A relevance rank for news and weblogs

If you use a feed reader like Bloglines, there must have been at least a few times you've looked at the overwhelming pile of unread articles with a sigh. So much to read.

All feed readers organize the articles in the same way. They group the articles by feed and sort the articles by date. So, you go through, click on each feed, skim the articles, and slog on through.

"Wouldn't it be nice," you've probably thought, "if these articles were sorted by relevance? Maybe the most important articles at the top and least important at the bottom? Then I could just read the articles from top to bottom, stopping when I get bored or run out of time."

That would be nice. But, what does it mean? What's the most relevant news?

Let's explore it. What if all the articles from the news and weblog feeds were sorted by how many people read them? The more people have read an article, the higher in your list of unread articles.

Hmm... That might help, but it'd be ordered by popularity, not relevance. Yahoo News has an example of ordering news by popularity. You can see that it tends toward the sensationalistic and tabloid. It pulls you toward the mainstream and away from the long tail. That's the wrong direction, folks. You want interesting and useful, not bland and mediocre.

Okay, if it's not most popular, what is the most relevant news?

Maybe the problem is that we're defining popularity too broadly. Does it matter to me if a teenage surfer chick thought an article with rumors of Britney Spears' pregnancy was really awesome? Not in the slightest. Does it matter if one of my computer geek friends really enjoyed an article on the upcoming MySQL 5 release? Yes, that does matter.

So, perhaps relevance is what people like me like. Okay, so I'll just list hundreds of people I know who are like me, get them all to use the same feed reader, and then... oh, shucks, that's never going to happen, is it?

Fortunately, it doesn't have to. We can find people like me, people I don't even know, automatically and anonymously using some clever algorithms. Put that computer to work, I say.

Great! Now we know how to sort news by relevance. We take all the news and sort by what people like me like. So, why isn't anyone doing this? Well, someone is doing it -- and doing it quite well, I might add -- but why isn't anyone else?

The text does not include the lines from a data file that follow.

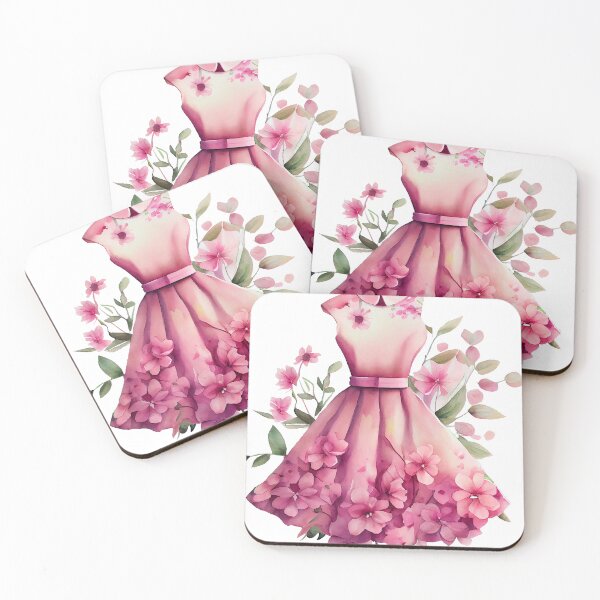 Artikelvorschau, Blühende Eleganz: Eine Aquarell-Symphonie aus rosa Kleid und Blumen entworfen und verkauft von cece4410.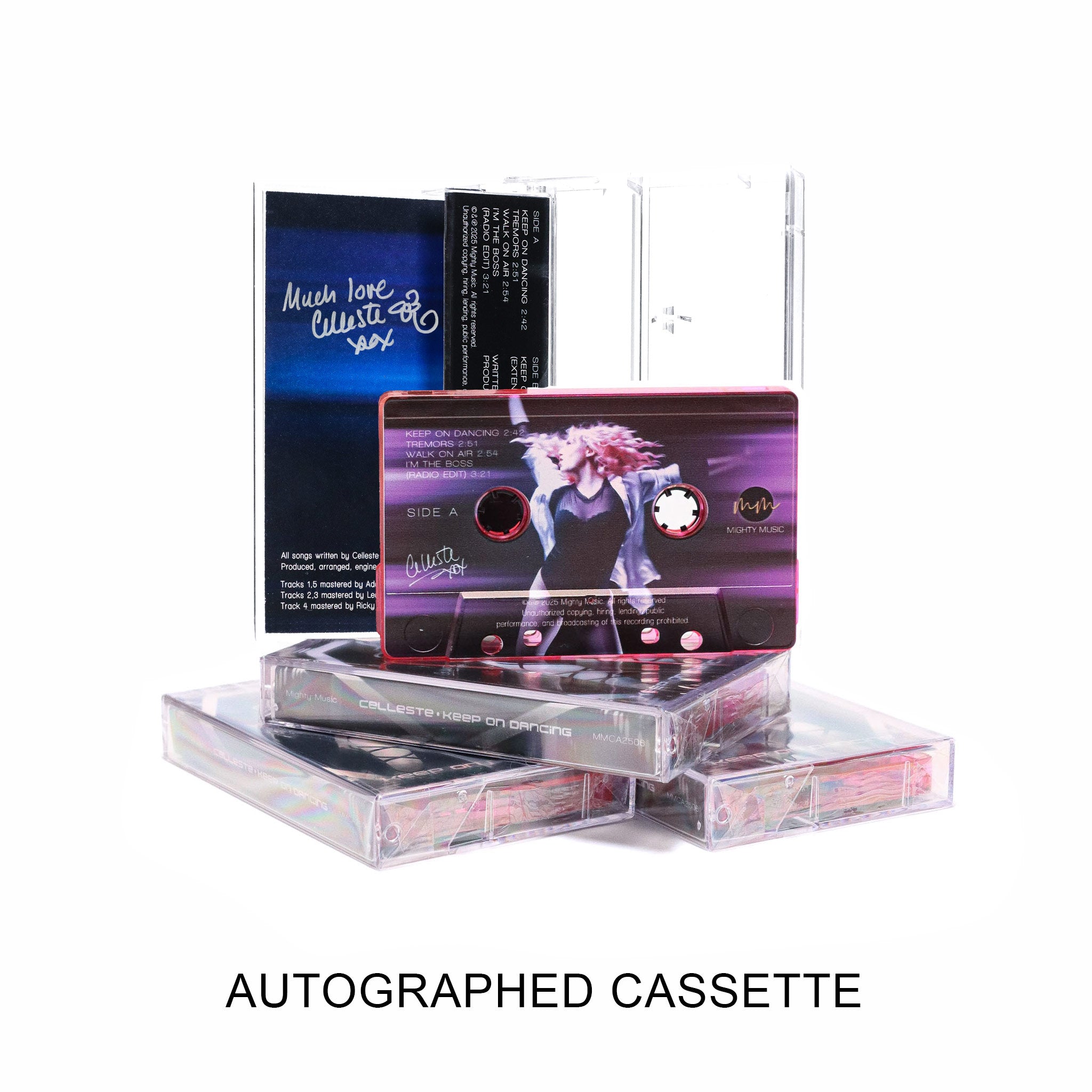 Celleste Keep on Dancing Cassette. Inside J-Card (Autographed).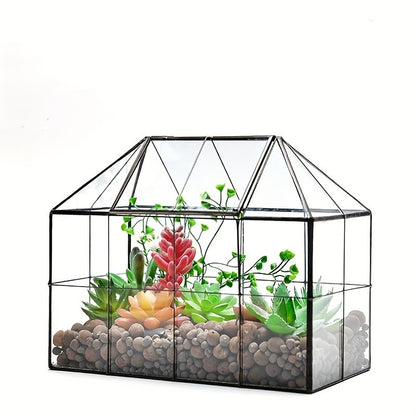 Geometric Glass Terrarium with Swing Lid 9.84x5.31x7.87 Inch Victorian Wardian Case for Succulents Cactus Air Plants Ferns Indoor Desktop Decor Black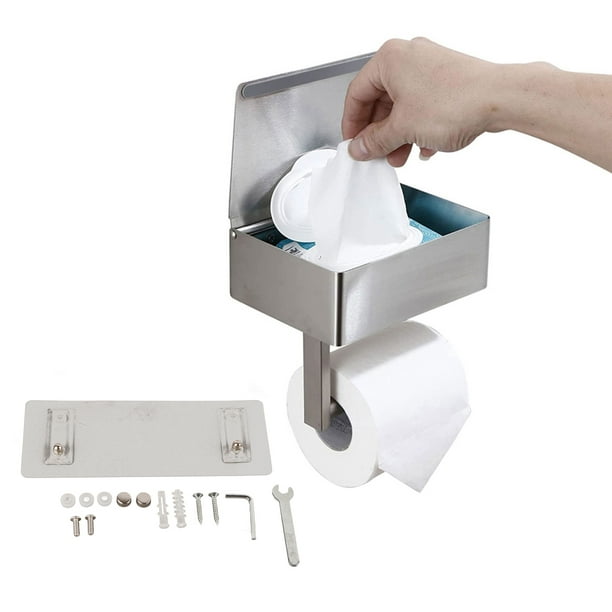 Distributeur de lingettes humides jetables, porte-papier hygiénique avec  étagère de rangement pour la salle de bain
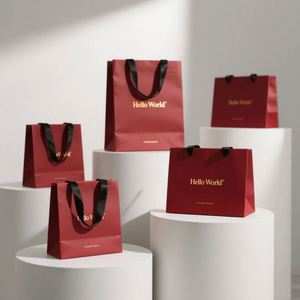 Sac en papier kraft blanc personnalisable avec logo, fermeture magnétique en coton, impression sérigraphique, traitement de surface pour le shopping de vêtements - Product Image 3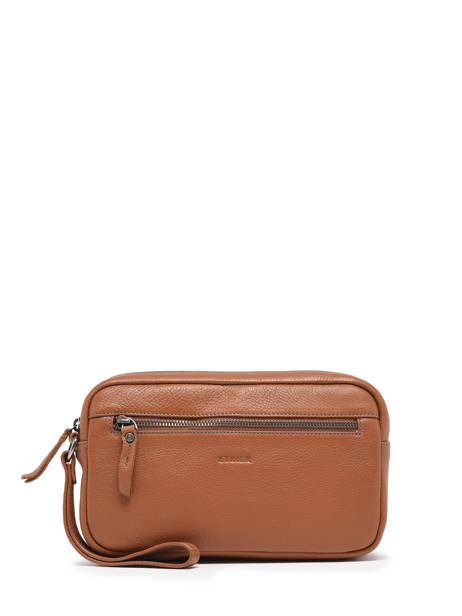Pochette Homme FoulonnÃ© Cuir Etrier Marron foulonne EFOU721S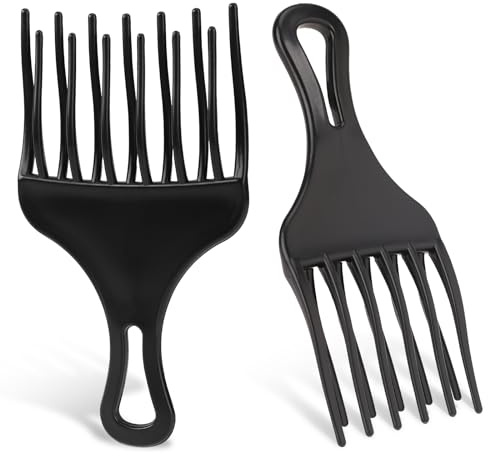 Salbsever 2-Piece Afro Hair Pick-Comb Set - Large and Small Plastic Wide-Tooth Picks for Curly Hair, Detangling, Wig and Braid Styling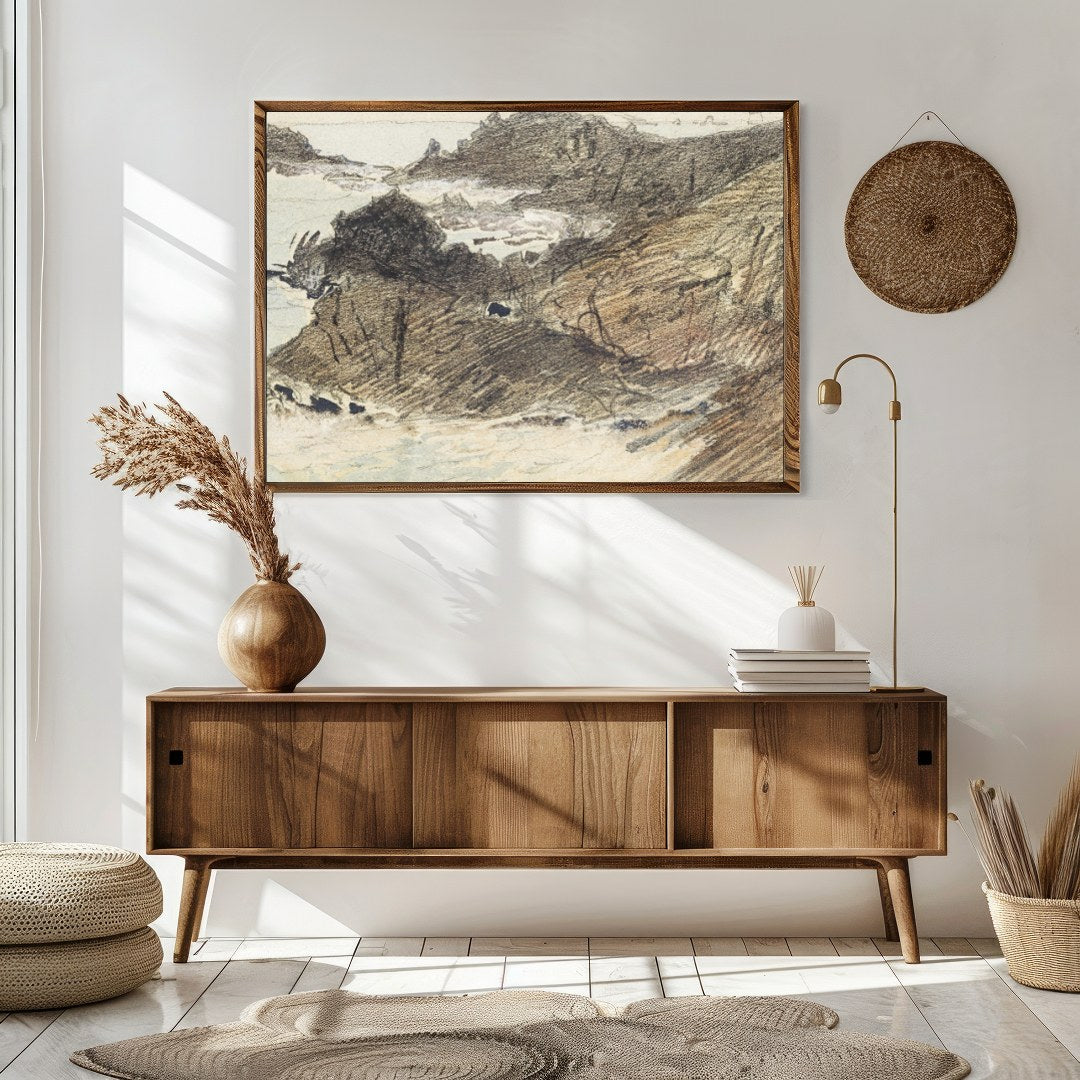 Immerse yourself in the tranquil beauty of the coastline with this exquisite sketch. The delicate for Sitting Area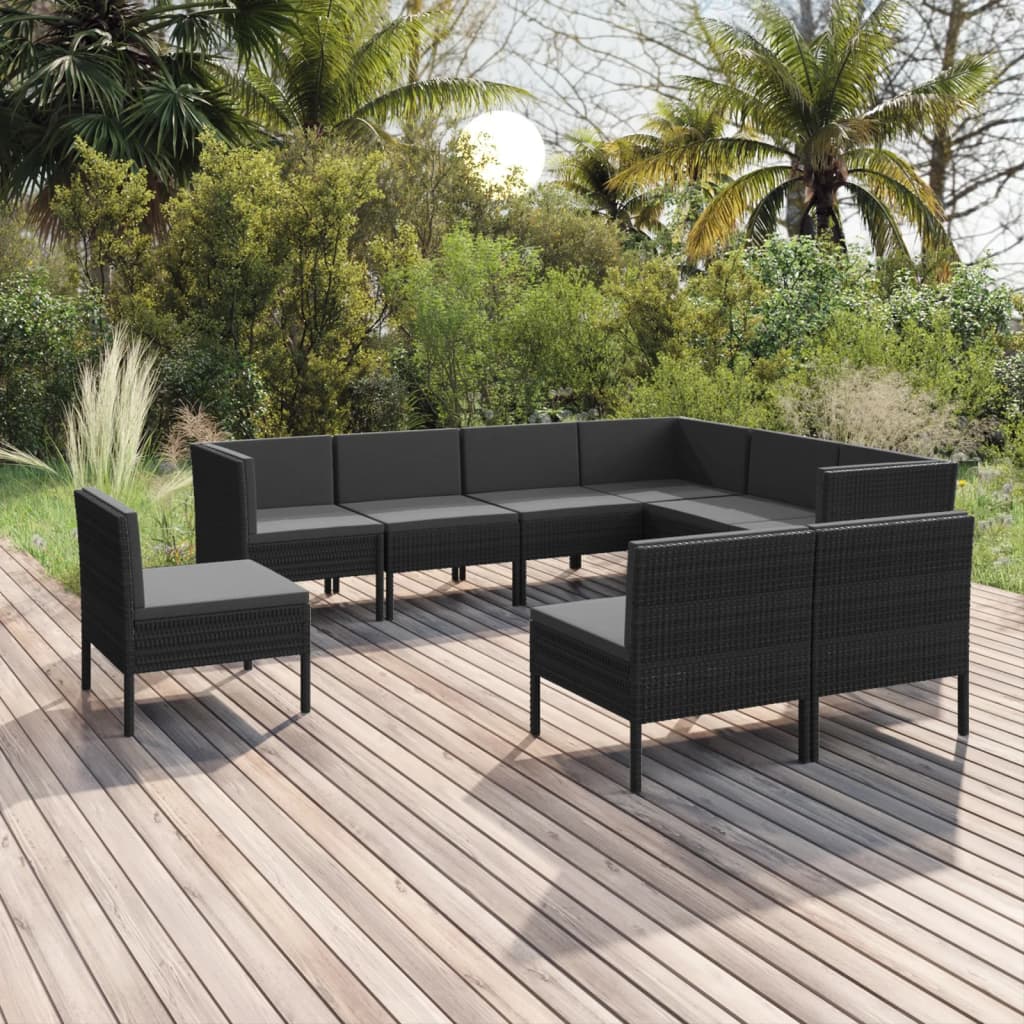 9-delige Loungeset met kussens poly rattan zwart is nu te koop bij PeponiXL, paradijselijk wonen!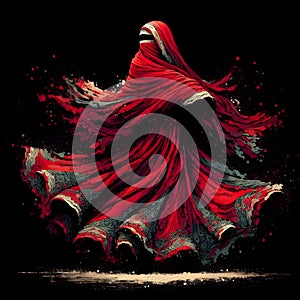 Abstract art with a girl dancing and wearing a red burka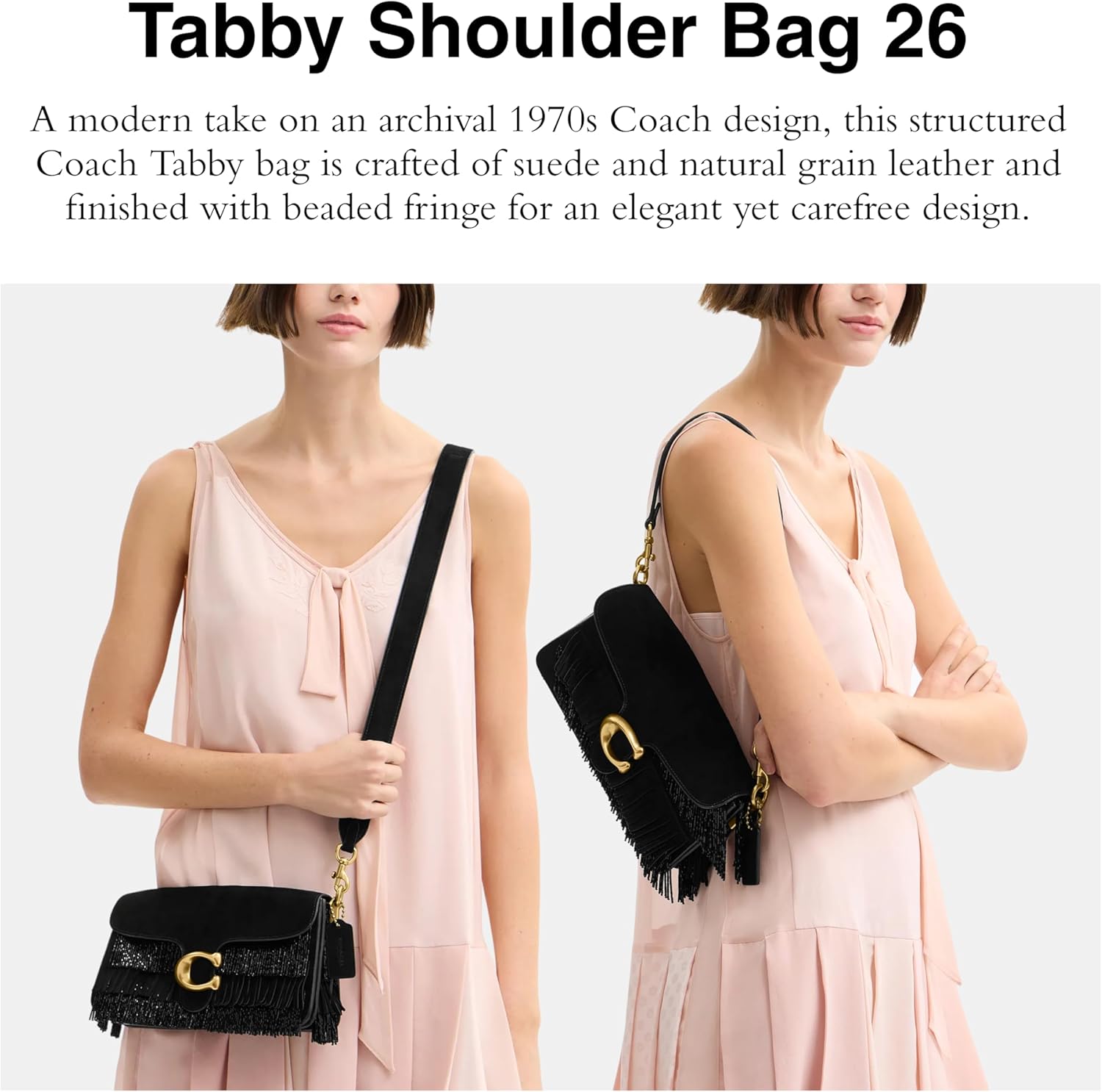 COACH Women's Crystal Beaded Fringe Tabby Shoulder Bag, B4/BLACK, Black, One Size - Image 2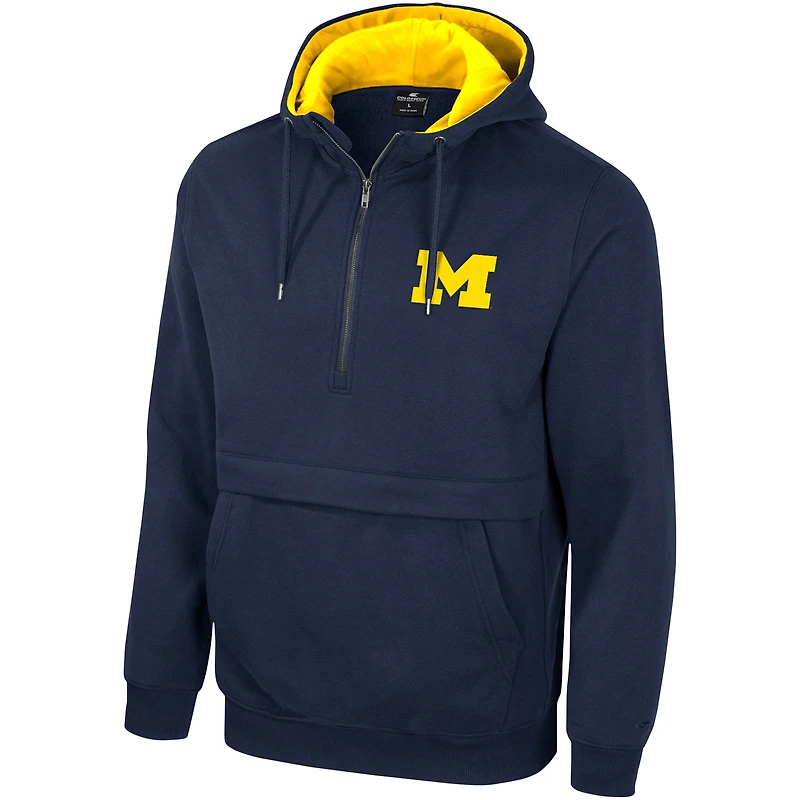 Sweat à capuche demi-zip Colosseum Navy Michigan Wolverines pour hommes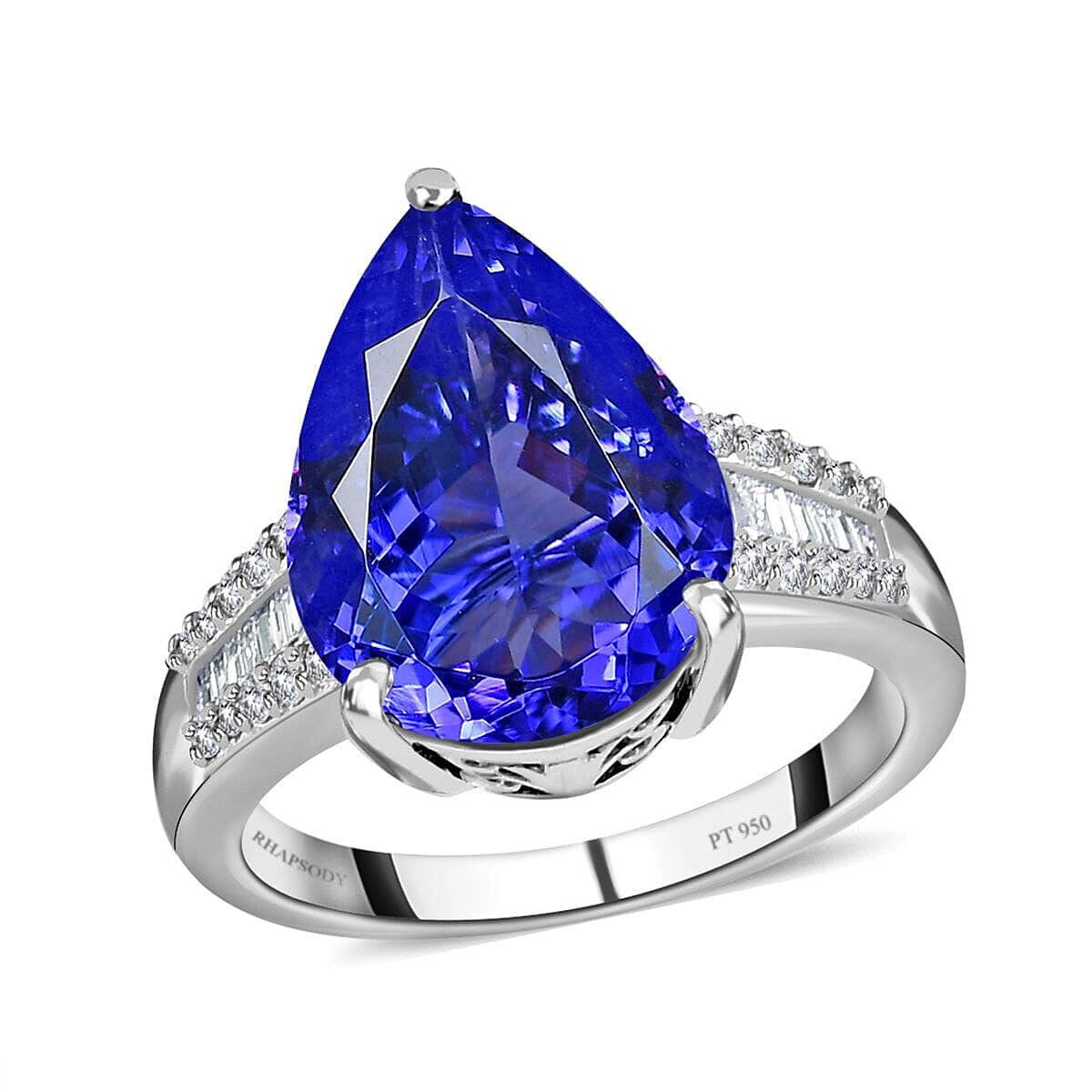 Rhapsody AAAA Tanzanite and E-F VS2 Diamond 7.90 ctw Ring in 950 Platinum (Size 7.5) 6.65 Grams image number 0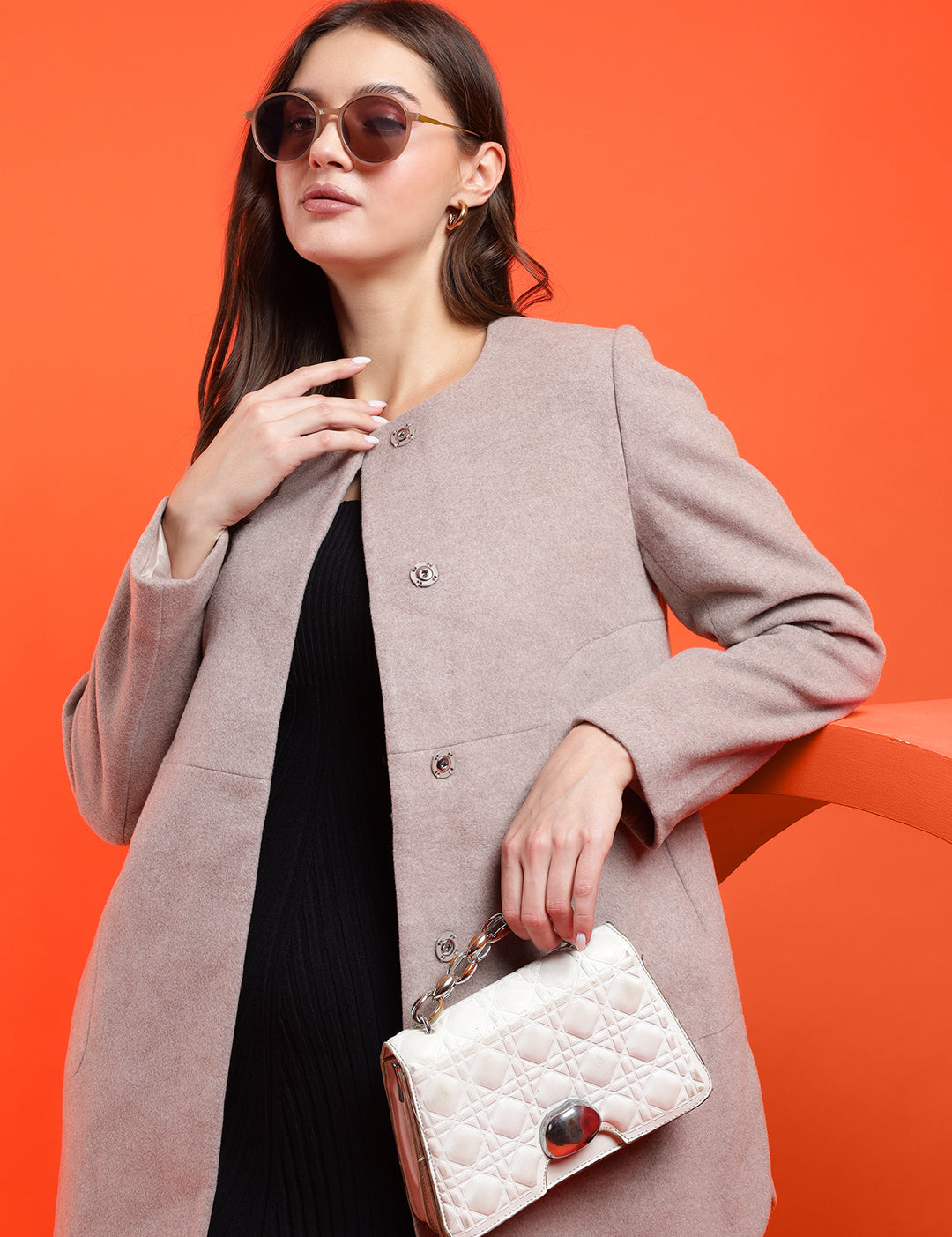 KOTTY Solid Single Breasted Casual Women Blazer (Beige)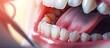 Close up cropped photo of curing healing operating teeth tooth filling mouth cavity against caries decay dentist orthodontist in dental clinic Stomatology concept. Copy space image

Well, it's hard. Really hard. Maybe I made it sound easy, but the devil is in the details. For example, the most interesting articles for a subgroup isn't actually the same as the most popular; it's a little different, and that's just one of tens of spots where you can trip up and hork the quality of the relevance rank. These "clever algorithms" I mentioned can be really expensive; doing this at scale for millions of readers requires a lot of careful thought. News is perishable -- old news is no news -- so you better find a good solution to the cold start problem. And the list goes on. It's not easy.

But it's got to be done. It takes too long and too much effort to use the current generation of feed readers. To break into the mainstream, next generation feed readers will have to sort articles by relevance.

2 comments:

Andy Harbick said...

I've got bloglines pointed at my personal feed of technology blogs. It's great. I often discover things that I would've seen eventually first on my findory feed.

Anonymous said...

Hi Greg.

You might find outbrain.com interesting. They have a FireFox extension that lets readers rate blog posts on the fly and then they have some clever algorithms to decide what's interesting, current and highly rated.

I can imagine that this, combined with clever tag or index based filtering could be the thing you're talking about.